Da das HGB keine Bestimmung über die konkrete Berechnung der Höhe des Ausgleichsanspruchs enthält, haben der Verband der Privaten Bausparkassen e. V., 53129 Bonn und der Bundesverband Deutscher Versicherungskaufleute e. V. (BVK), 53115 Bonn,

in dem Bemühen um gegenseitige Verständigung und ausgehend von vorwiegend wirtschaftlichen Erwägungen die nachfolgenden Grundsätze erarbeitet, um die Höhe des nach Auffassung der beteiligten Kreise angemessenen Ausgleichs global zu errechnen.

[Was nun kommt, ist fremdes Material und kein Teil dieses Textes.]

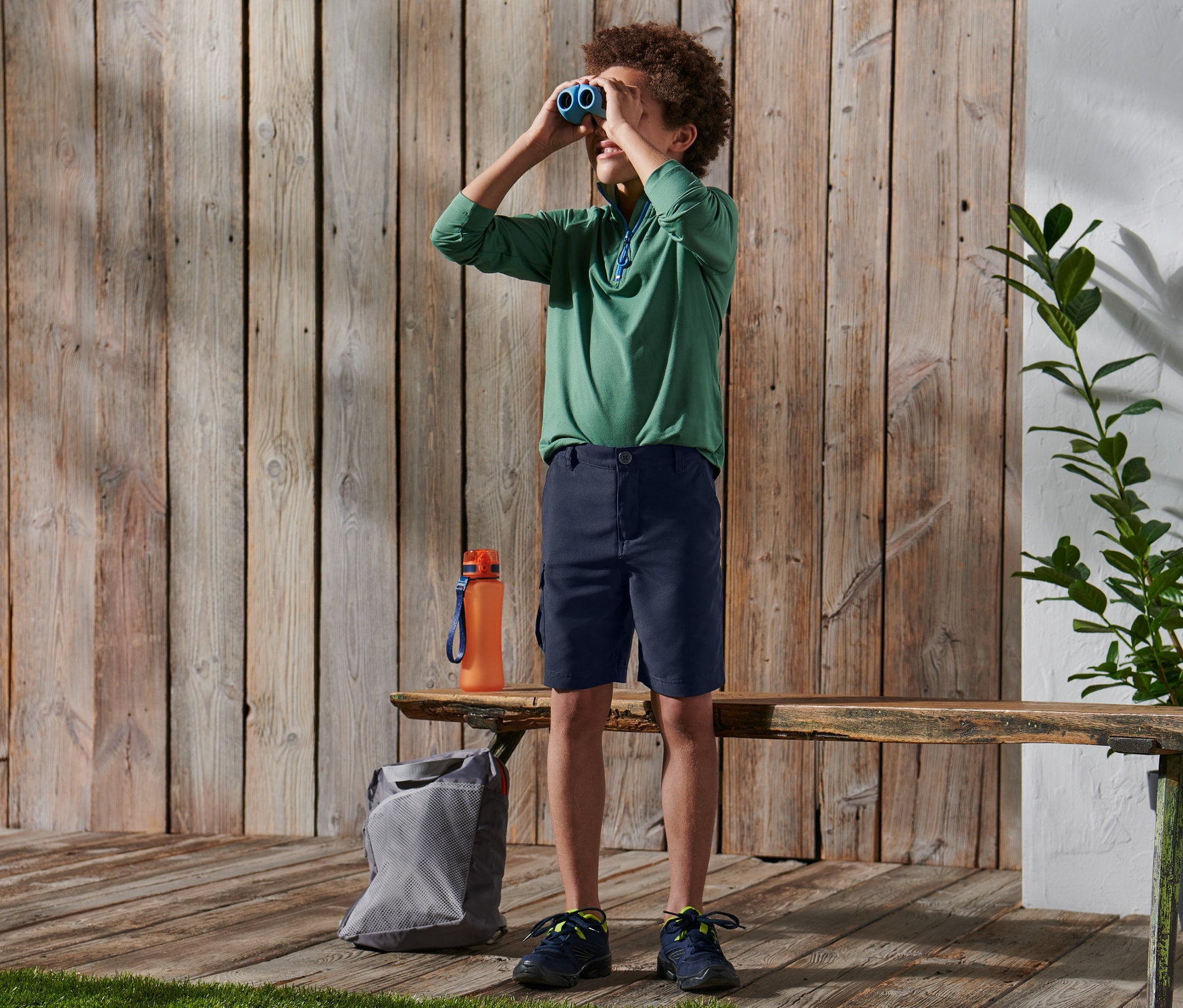 Ein Junge schaut durch ein Fernglas. Er trägt ein grünes Shirt und Funktionsshorts.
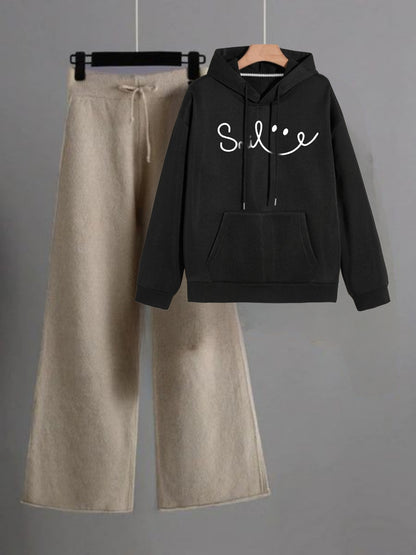 Black hoodie smile and beige flapper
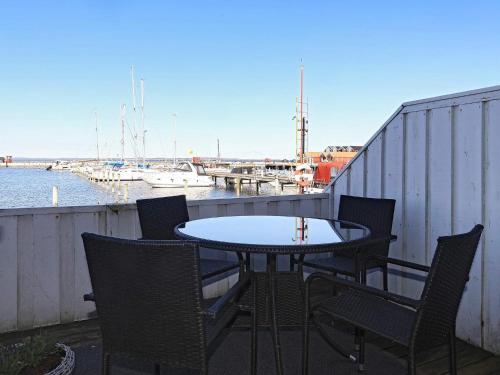 a table and chairs on a balcony with a marina at 5 person holiday home in Nibe-By Traum in Nibe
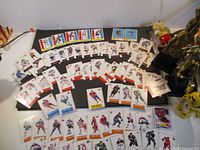 Wide shot of entire spread of hockey cards displayed on black background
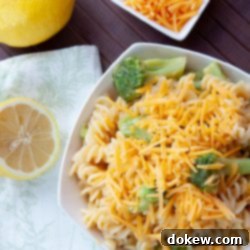Cheddary Broccoli Spirals 3 White bowl with rotini pasta, broccoli, and shredded cheddar cheese, next to lemons and a bowl of shredded cheese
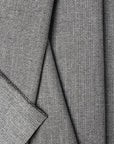 Gray herringbone outdoor fabric by the yard, folded showing drape and weight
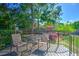 Backyard deck with outdoor seating, a small table, and lush landscaping beyond the railing at 1111 Ole South Ct, Moncks Corner, SC 29461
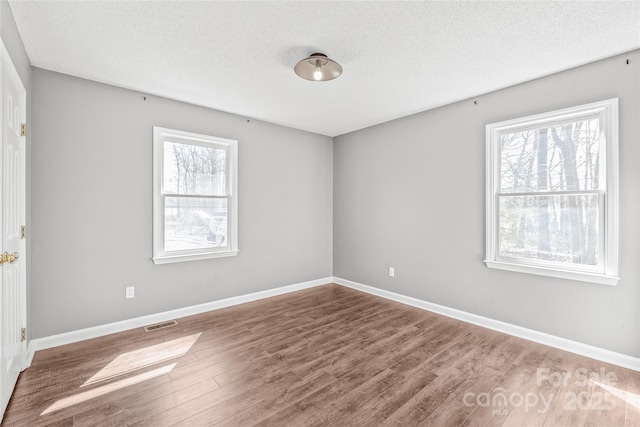 empty room with a healthy amount of sunlight, visible vents, a textured ceiling, and wood finished floors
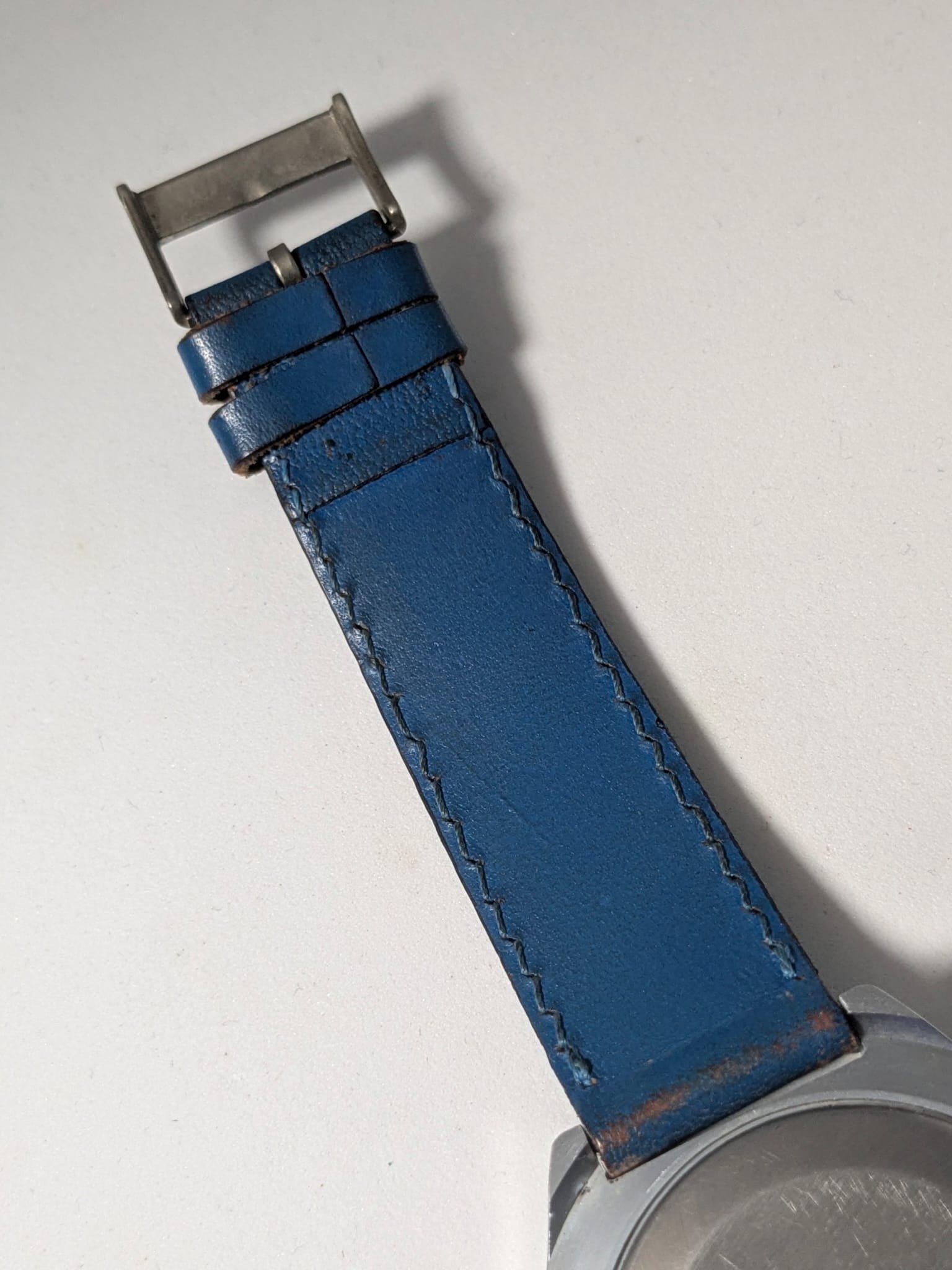 Orologio Sovietico Raketa Marine 24h con Cinturino Originale Blu - Grade B 13 Orologio sovietico Raketa Marine 24 ore anni '80 con quadrante argentato, linee blu tratteggiate per silenzio radio e cinturino blu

Sie empfehlen ihren Mitgliedern, Ausgleichsansprüche auf dieser Grundlage abzuwickeln.

  1. Ausgleichsanspruch
  2. Bemessungsgrundlage

Ausgangswert für die Berechnung des Ausgleichsanspruchs ist die durchschnittliche Jahresprovision der letzten vier Jahre aus dem Finanzdienstleistungsgeschäft abzüglich etwa vereinbarter Verwaltungsprovisionen und abzüglich etwa nicht verdienter Einarbeitungsprovisionen bzw. Garantieprovisionen – bei kürzerer Tätigkeit der Durchschnitt aus diesem Zeitraum.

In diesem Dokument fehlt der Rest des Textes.